Mr. Hodge told the Beacon how meaningful he found it to see such an outpouring of support for his NBA launch. Now, he said, his immediate goal is to have a positive impact for the team.
“I want to keep doing what I do: just showing up every day and doing the job I know I can do,” he said.
He plans to continue working toward his long-term goals of playing among the all-stars and pursuing championships, but he said he hopes to also have a positive impact on the development of basketball in the community.

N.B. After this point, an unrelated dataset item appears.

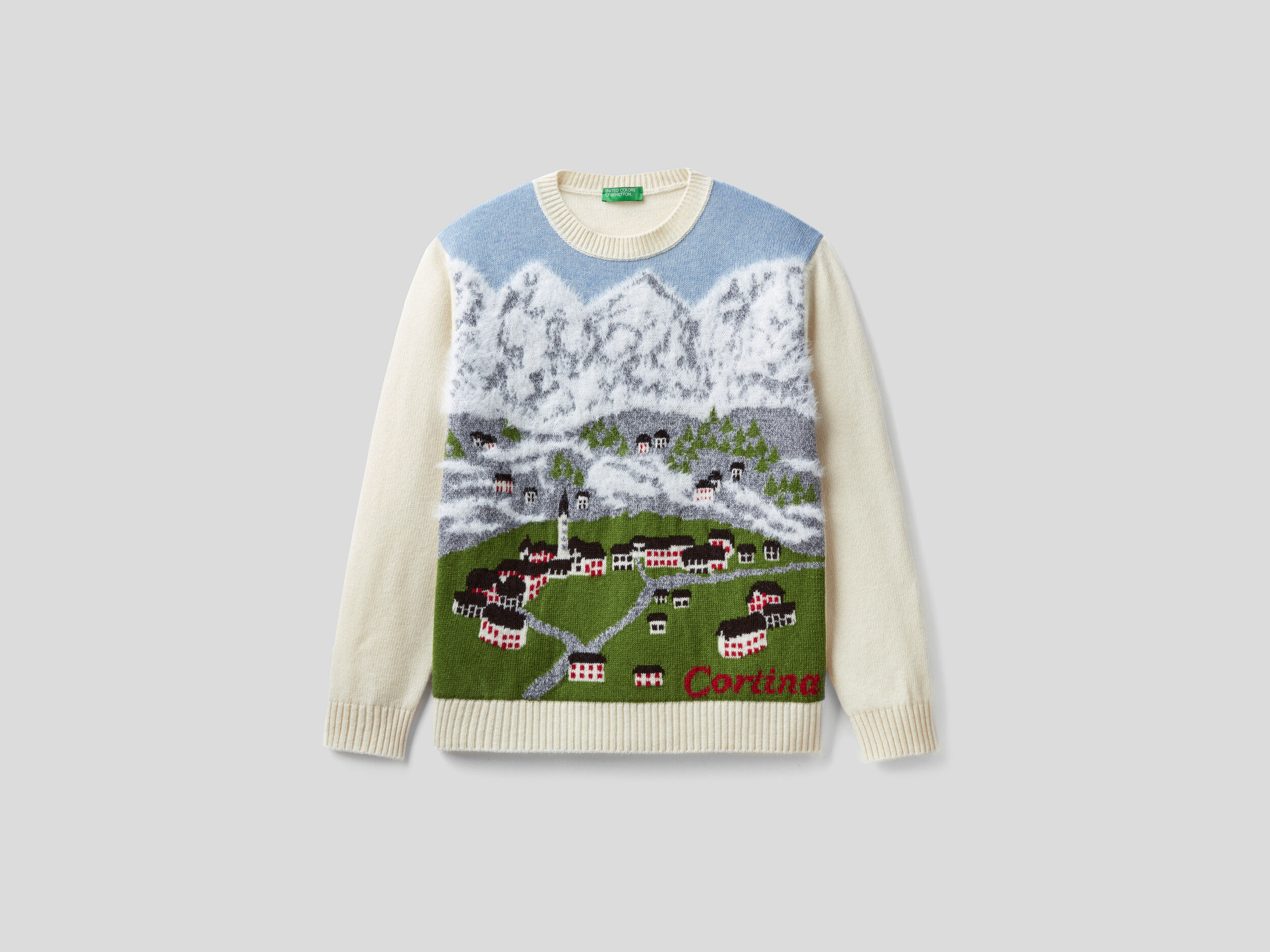 Benetton best sale jacquard sweater
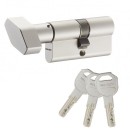 Cylindre double à bouton varié en laiton nickelé - type CY110 VACHETTE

The celebration of Mr. Hodge goes beyond this week. Premier Dr. Natalio “Sowande” Wheatley announced at the ceremony that the basketball court located at the hurricane-damaged CGB community centre will be dedicated to Mr. Hodge.
Dr. Wheatley pledged his support to the purple and gold as a newfound Lakers fan, and he thanked all Mr. Hodge’s supporters for their part in making VI history.
“D’Moi has a whole nation behind of him,” he said.
Mr. Hodge made time to give back to the community this week, holding two youth training sessions.
The premier and opposition member Mitch Turnbull (R-D2) presented Mr. Hodge with a cheque for $20,000 to support his athletic ambitions and granted him the title of the first “VI-bassador.” The National Bank of the Virgin Islands also presented a $5,000 cheque.
Some of the other tokens Mr. Hodge received that day came with a personal touch. His siblings presented him with a wristwatch, and other family gifted him a personalised plaque.
“We, your family, are extremely proud of your extraordinary accomplishment,” read the award.
Mr. Hodge credited his mother and grandmother in particular for their unwavering support of his athletic career.
Genevieve Myers-Henry, his grandmother, told the Beacon she is incredibly proud to see how far he has developed from the 9-year-old boy she would take to play on the courts.
“Every time I think about it, the tears come,” she said. “When I saw him on the boat [from St. Thomas] today, I couldn’t hold it in.”
She plans to continue supporting young basketball players in the community, hoping to facilitate the dreams of the next budding professional.
After all, she said, it takes a village to raise an NBA player.